Hasay was one of the nation's top prep runners, grabbing attention with both her speed and her unbelievably long hair, which earned her the nickname "Little Pony" for the style she wore on the track.
She grabbed national attention as a 16-year-old at the 2008 Olympic trials in Eugene when she set an American high school record in the 1,500 meters with a time of 4 minutes, 14.50 seconds. Track and Field News named her the Girls High School Athlete of the Year.
Since she has arrived in Eugene, Hasay has been a key contributor to the rise of the women's team at Oregon.

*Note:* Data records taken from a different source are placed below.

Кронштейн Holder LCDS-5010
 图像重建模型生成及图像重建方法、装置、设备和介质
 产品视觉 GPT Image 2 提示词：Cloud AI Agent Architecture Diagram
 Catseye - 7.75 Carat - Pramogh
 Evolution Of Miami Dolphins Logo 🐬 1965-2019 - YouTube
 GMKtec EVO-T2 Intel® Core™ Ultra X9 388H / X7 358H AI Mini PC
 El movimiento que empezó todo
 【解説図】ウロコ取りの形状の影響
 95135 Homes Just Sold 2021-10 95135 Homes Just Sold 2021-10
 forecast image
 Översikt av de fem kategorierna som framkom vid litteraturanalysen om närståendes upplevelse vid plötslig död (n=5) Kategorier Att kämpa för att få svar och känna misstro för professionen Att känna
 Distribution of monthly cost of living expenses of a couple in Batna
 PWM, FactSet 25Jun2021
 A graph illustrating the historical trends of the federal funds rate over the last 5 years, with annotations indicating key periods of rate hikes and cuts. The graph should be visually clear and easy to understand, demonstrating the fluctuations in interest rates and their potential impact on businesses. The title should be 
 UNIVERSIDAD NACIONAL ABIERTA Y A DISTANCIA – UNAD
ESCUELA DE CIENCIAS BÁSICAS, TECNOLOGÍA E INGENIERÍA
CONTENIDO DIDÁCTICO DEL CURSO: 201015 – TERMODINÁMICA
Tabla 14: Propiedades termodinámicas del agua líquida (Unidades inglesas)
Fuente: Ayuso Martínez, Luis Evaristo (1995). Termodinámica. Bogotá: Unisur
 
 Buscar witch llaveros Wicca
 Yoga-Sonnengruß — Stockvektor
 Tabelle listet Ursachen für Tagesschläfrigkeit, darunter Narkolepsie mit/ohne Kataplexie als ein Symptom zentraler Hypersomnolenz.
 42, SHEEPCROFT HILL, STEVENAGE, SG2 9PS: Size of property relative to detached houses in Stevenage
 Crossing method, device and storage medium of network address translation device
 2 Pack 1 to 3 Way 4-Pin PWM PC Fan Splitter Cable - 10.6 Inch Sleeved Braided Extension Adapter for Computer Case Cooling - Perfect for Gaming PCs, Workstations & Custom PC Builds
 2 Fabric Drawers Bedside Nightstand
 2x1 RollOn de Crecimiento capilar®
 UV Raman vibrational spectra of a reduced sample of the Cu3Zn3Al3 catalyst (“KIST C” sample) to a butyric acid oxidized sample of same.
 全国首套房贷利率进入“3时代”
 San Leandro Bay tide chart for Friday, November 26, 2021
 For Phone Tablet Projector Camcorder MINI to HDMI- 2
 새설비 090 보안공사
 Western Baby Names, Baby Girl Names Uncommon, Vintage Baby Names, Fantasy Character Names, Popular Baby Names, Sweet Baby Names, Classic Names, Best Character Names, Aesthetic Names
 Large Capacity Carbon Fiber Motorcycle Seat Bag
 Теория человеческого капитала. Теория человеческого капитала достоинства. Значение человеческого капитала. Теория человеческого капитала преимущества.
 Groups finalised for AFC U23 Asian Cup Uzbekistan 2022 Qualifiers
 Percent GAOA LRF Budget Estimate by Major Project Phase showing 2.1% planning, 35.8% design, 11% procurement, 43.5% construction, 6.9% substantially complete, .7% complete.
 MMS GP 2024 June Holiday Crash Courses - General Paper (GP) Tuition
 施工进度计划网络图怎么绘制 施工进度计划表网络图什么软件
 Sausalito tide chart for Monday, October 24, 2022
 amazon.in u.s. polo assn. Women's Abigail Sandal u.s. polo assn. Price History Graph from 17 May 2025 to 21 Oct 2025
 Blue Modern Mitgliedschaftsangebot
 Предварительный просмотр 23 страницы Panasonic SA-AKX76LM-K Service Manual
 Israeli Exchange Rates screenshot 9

The Ducks were once defined by Bill Bowerman's "Men of Oregon" and Steve Prefontaine. In more recent years, Olympians Ashton Eaton and Galen Rupp have brought the spotlight to Eugene.
But the women's program has won four straight national indoor titles. This season the team also won the NCAA cross country championship for the first time since 1987. So now the Ducks are gunning to sweep the national team titles at the NCAA outdoor championships in June, something that's never been done before.
There's a sign on the bulletin board in the women's locker room reading: "Triple Crown. Every practice counts."
"She's been huge. Jordan was one of the pieces of that success. When you look at her class you've got Rebecca Friday and Ann Kesselring and all those girls who have been rock solid as part of the senior class that came in with Jordan," Oregon head coach Robert Johnson said. "We've definitely been blessed to have her. She's been a big part of what we've done over the last four years. We'll definitely hate to see her go."
Oregon's women have not won a national outdoor championship since 1985.
In addition to her two career individual NCAA titles, Hasay has won four Pac-12 titles - in cross country, the 5,000 and twice in the 1,500 - but she said it has never been about accolades.
"It's all about the journey and just about being surrounded by a great group of people to train with, and being a part of this community. Really, they embraced me when I was 16 at the Olympic trials and all the way through my years here. It's kind of a cool storybook thing."
Oh, and as for her hair, Hasay isn't changing a thing.
"A teammate actually says she's come up with a list of compelling reasons to cut my hair before I turn pro, which I haven't yet seen," Hasay said. "I used to be like, it's no big deal, it just happens to be my hair. But now it's like when people tell me to cut it, I won't. It's very much my trademark. It's like a lucky thing."